$\mathscr{B} = \{ [a, b) | a< b \in \mathbb{R} \}$ is a basis for a Topology in $\mathbb{R}$

Question

I just want to ask if my proof for this problem is correct. $$\mathscr{B} = \{ [a, b) | a< b \in \mathbb{R} \}$$ is a basis for a Topology in $\mathbb{R}$ . Here is my proof:

1. Let $x \in \mathbb{R}$. Choose $B \in \mathscr{B}$ st $a \leq x <b$. Then $x \in B.$

2. Let $B_1= [a_1, b_1), B_2= [a_2, b_2) \in \mathscr{B}$.
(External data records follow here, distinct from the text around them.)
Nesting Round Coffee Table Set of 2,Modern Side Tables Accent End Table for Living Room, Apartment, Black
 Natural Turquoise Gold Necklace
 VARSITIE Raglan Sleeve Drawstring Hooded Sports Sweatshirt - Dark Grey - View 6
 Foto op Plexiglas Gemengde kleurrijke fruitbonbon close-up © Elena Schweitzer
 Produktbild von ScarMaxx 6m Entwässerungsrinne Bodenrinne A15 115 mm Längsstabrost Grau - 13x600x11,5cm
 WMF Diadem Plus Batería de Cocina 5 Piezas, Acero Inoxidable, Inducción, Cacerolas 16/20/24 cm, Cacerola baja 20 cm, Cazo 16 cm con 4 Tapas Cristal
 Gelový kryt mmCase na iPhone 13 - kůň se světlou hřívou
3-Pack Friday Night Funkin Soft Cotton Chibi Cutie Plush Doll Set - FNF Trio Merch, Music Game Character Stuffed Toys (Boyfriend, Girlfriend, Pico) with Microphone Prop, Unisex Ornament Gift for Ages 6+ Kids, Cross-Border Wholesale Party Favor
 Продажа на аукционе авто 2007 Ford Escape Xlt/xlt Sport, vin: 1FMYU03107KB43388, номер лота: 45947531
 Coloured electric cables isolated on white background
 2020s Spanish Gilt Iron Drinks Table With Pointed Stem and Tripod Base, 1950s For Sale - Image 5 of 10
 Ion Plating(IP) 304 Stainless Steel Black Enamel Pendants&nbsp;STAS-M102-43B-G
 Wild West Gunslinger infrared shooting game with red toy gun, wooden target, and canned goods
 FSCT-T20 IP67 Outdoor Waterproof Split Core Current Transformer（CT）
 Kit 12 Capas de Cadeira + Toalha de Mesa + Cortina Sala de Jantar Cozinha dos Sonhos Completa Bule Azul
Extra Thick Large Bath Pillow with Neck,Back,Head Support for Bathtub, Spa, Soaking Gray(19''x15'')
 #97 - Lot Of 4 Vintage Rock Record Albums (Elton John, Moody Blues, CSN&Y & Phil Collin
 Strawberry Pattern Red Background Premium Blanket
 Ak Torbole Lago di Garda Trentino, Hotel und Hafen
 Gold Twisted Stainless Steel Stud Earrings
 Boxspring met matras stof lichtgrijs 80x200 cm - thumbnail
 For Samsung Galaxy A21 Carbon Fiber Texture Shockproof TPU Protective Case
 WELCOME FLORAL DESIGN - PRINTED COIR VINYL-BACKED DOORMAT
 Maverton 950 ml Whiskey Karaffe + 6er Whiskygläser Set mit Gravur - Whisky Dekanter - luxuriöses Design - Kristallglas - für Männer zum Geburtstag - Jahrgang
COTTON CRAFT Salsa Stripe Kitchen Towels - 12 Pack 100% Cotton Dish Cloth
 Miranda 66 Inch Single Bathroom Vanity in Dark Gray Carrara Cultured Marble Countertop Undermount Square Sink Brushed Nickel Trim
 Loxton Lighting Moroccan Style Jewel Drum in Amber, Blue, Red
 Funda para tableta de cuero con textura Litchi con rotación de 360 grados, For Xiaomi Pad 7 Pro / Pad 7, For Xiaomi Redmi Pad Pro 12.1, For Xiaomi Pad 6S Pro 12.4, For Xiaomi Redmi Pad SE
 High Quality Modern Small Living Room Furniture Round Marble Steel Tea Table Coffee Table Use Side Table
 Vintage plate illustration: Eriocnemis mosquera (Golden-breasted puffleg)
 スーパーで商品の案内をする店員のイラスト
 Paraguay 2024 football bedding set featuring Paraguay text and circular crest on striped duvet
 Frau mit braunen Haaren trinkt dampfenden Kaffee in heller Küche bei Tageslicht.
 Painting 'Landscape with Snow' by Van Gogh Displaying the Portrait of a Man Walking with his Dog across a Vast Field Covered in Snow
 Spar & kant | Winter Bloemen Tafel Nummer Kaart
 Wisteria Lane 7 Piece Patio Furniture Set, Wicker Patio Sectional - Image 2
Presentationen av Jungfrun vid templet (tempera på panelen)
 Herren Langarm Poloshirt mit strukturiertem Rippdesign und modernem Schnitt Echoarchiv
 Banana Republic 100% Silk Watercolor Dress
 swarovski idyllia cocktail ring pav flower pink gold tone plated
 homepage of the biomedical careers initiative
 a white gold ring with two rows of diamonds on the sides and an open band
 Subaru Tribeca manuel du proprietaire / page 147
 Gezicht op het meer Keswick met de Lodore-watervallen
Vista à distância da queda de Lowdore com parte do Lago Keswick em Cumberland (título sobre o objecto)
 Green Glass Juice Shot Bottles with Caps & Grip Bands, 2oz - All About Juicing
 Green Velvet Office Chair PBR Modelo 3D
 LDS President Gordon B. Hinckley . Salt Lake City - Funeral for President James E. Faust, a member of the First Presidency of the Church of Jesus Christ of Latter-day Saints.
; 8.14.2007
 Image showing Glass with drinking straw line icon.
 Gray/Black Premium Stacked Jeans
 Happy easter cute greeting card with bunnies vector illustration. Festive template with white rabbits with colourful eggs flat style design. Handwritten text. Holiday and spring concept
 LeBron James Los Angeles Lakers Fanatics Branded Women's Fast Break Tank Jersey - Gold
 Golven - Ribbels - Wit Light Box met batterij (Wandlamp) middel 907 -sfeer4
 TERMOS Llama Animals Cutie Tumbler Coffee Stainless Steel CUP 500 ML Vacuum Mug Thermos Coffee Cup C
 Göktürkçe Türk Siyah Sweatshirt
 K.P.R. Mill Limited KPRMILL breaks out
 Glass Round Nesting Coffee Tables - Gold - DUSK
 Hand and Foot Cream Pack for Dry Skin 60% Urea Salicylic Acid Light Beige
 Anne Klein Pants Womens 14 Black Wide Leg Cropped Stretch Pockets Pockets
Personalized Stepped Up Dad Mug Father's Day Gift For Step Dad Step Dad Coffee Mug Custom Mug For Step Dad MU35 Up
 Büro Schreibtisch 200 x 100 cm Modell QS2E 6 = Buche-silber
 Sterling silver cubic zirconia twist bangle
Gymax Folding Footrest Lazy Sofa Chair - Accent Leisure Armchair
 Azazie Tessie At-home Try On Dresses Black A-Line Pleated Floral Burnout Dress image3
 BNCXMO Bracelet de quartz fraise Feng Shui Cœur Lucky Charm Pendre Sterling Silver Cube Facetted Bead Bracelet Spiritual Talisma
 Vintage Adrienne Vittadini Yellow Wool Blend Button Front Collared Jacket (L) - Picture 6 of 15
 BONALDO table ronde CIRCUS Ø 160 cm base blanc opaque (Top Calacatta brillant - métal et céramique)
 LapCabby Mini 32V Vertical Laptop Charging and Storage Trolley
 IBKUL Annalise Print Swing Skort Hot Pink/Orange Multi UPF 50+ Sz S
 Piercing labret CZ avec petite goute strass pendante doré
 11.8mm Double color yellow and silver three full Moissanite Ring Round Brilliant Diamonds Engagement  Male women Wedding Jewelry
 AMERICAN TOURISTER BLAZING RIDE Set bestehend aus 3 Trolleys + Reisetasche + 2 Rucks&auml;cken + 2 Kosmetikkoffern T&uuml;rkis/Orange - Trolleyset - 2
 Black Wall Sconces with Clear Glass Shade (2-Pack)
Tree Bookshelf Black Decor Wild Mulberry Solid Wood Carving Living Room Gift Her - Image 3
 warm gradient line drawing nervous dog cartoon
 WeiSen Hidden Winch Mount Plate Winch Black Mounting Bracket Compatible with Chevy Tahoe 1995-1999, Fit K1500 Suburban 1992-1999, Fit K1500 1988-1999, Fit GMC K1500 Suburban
   If $B_1 \cap B_2 = \varnothing$ then we are done.

   If otherwise, then there exists $x$ in the intersection. Choose $B_3= [a_3, b_3) \in \mathscr{B}$ st $a_3= \mbox{max}\{a_1, a_2 \}, b_3 =\mbox{min}\{b_1, b_2 \}$. Then $x \in B_3$ and $B_3 \subseteq B_1 \cap B_2$.

Therefore $\mathscr{B}$ is a basis.

Answer 1

Simpler and direct is
$[a,b) \cap [r,s) = [\max(a,r), \min(b,s))$.

In addition, it is necessary to note that every $r \in \mathbb{R}$ is in some base set. $[r, r+1)$ for example.